1. Die dgti ist der Auffassung, dass der § 8 Abs. 1 Satz 2 TSG mit dem Grundgesetz nicht vereinbar ist und deshalb außer Kraft gesetzt werden muss (wie aus der Anlage 1 hervor geht betrifft diese Aussage unserer Auffassung nach nicht nur diesen einen Satz des TSG). Eine individuelle Sonderregelung wegen des hohen Alters und der langen Ehezeit ist mit dem Grundgesetz nicht vereinbar

2. Die dgti ist sich darüber im Klaren, dass die Aufhebung des § 8 Abs. 1 Satz 2 zu einer Ungleichbehandlung von homosexuellen Partnerschaften führt, wenn in einer Partnerschaft ein Teil Transgender ist und deshalb eine Ehe führt, andere Homosexuelle aber nur Eingetragene Lebenspartnerschaften mit eingeschränkten Rechten gegenüber der Ehe eingehen können.

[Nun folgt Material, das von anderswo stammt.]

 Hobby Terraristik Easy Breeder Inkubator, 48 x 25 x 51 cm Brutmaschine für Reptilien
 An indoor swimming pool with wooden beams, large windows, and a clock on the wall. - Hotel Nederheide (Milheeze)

3. Ähnliche Probleme werden bei einer Eingetragenen Lebenspartnerschaft auftreten, wenn einer der Partner Transgender ist, noch keine Anerkennung nach § 8 TSG hat, wohl aber die Namensänderung, da in diesen Fällen ja eigentlich eine heterosexuelle Beziehung vorliegt, nur formaljuristisch eine gleichgeschlechtliche Beziehung (ich hatte erst letzte Woche ein solches Paar bei mir zur Beratung). Nach einer Entscheidung nach § 8 TSG, die eben auch ohne vorherige Trennung möglich ist (denn das Bundesverfassungsgericht hat ja selbst in einer Entscheidung über die Vereinbarkeit der Eingetragenen Lebenspartnerschaft mit dem Art. 6 GG festgestellt, dass es sich nicht um eine Ehe handelt), kann das Paar selbst entscheiden ob es in der Eingetragenen Lebenspartnerschaft verbleiben will oder ob es sich trennt um anschließend sofort zu heiraten. Diese Ungleichbehandlung ist nach unserer Auffassung nicht mit dem Grundgesetz vereinbar.

4. Die dgti ist der Auffassung, dass die Festlegung auf zwei juristische Geschlechter durch Fremdzuweisung und die unterschiedliche gesetzliche Behandlung von Ehe und Eingetragener Lebenspartnerschaft zu vielen Gesetzen geführt hat, die mit den im Grundgesetz verankerten Rechten unvereinbar sind. Wir verweisen in diesem Zusammenhang nochmals ausdrücklich auf den Aufsatz „Was ist Geschlecht“ - Die Lebensrealität in Deutschland und sich daraus ergebende Forderungen.

5. Das Bundesverfassungsgericht ist deshalb ausdrücklich aufgefordert, entsprechend seiner Entscheidungen aus 1993 und 1996, die Exekutive und die Legislative zu verpflichten an Stelle des TSG rechtliche Änderungen an den Stellen vorzunehmen, wo eine Diskriminierung von Geschlecht staatlich sanktioniert erfolgt. Solche Änderungen müssen auch das Persönlichkeitsrecht Intersexueller berücksichtigen und zwar von Geburt an (bzw. ab erfolgreicher Zeugung, denn einige intersexuelle Syndrome lassen sich heute schon durch die Pränataldiagnostik frühzeitig erkennen und dürfen kein legitimer Grund für eine Abtreibung sein). Das Personenstandsgesetz ist so zu ändern, dass es gar nicht erst zu einer Diskriminierung der Geschlechter kommen kann und die natürliche Vielfalt anerkannt wird. Jedes Sondergesetz zu Geschlechtern und Partnerschaften kann nur wieder zu neuen Ungerechtigkeiten und Verstößen gegen das Grundgesetz und die Menschenrechte führen.